Boost logo

Boost :

From: Peter Dimov (pdimov_at_[hidden])
Date: 2005-04-22 14:20:26


Don G wrote:
>> 1. network root class
>>
>> In my opinion, this class is not needed and should be
>> removed. It complicates the design, forces a global
>> variable on the user, and is not library-friendly. For
>> example, if lib1 and lib2 use the network, the user
>> can't pass an address created by lib1 to lib2. The
>> global state modeled by the network class should be an
>> implementation detail.

The network root issue is at, hm, the root of our disagreement.

> In many of my uses, I have multiple network-derived types in use at
> the same time (serial, HTTP tunnel, TCP/IP).

The question is why do you need multiple network objects at the client side.

Under the address-centric model, the form of the address determines the
network to use. The library is free to maintain several network objects
under the hood, ...

[...]

> While this can be seen as an issue, most of the time I find that I
> need to pass something along already: an address object or a stream,
> for example. That is sufficient to get back to the network object.

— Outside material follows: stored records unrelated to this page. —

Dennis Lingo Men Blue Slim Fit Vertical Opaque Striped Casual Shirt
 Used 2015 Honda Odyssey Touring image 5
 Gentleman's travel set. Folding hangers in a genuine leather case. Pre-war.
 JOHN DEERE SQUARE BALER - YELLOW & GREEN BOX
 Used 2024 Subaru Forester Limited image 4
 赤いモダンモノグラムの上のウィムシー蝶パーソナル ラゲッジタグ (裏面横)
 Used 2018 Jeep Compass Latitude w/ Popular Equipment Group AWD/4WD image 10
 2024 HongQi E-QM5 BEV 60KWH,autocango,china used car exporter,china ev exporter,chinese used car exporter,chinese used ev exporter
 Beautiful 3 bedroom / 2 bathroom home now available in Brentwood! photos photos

... and obtain them as outlined above.

>> 2. address
>>
>> The address should be a standalone class and not tied
>> to a particular network.
>
> I think different networks (in my uses anyway) have different
> expectations (data size, textual form, etc.). This lead me to the
> conclusion that an address is an abstract idea. Its primary role is a
> factory for other objects related to the address it describes, which
> is again not something a concrete type would be able to handle (at
> least w/o indirection hidden inside).

In general, data-driven designs are much more flexible. I can read

server.address=tcp4:/www.example.com:5757

from a configuration file and connect. The line might have been

server.address=com1:/57600,n,8,1

but my application doesn't care, as long as someone at the other end
responds according to the appropriate server protocol.

Under the explicit network model, I'll need to duplicate the
scheme-to-network logic myself. Not that a map<string, network_ptr> is that
much work; there's just no benefit.

The "self contained address as a string" model also has another advantage:
it allows you to take a legacy design such as std::fopen and enhance it with
network capability in a backward-compatible way.

>> It should be a simple entity and not a hierarchical
>> container. Logical to physical resolution should take
>> a source logical address and produce a container of
>> physical addresses.
>
> This container is often needed internally and, in my experience,
> seldom needed by the user. It is helpful for the logical address
> object to know the corresponding physical addresses and not have to
> repeat the resolution process. I see no fundamental problem exposing
> this collection as std::vector<address_ptr> (or whatever) and not
> providing an interface to encapsulate it, but I was trying to keep
> things purely abstract.

Yes, I understand. This can be handled both ways. You could still cache the
physical addresses inside the logical address and return them on the second
and subsequent resolve() calls.

>> The address should not be created with an URL, that is,
>> a TCP connection to www.example.com should be represented
>> by the address tcp:/www.example.com:80, leaving
>> http://www.example.com reserved for the stream obtained
>> by the HTTP GET / query, not for the raw protocol stream.
>> A connection to the serial port should probably be
>> represented by "com1:/38400,n,8,1", and so on.
>
> This scheme morphing seems to fit with the idea that network
> instances are behind the scenes, but creates complexity for the user
> as well since these transformations must be done at that level. For
> serial use, it is not sufficient to say "com1" (that was a concept I
> had early on as well). That would address an entire network, not a
> specific "port"-like concept.

I'm not sure I understand. A communication port is a port, not a network.
I've recently dealt with one and it's very much like a socket. :-)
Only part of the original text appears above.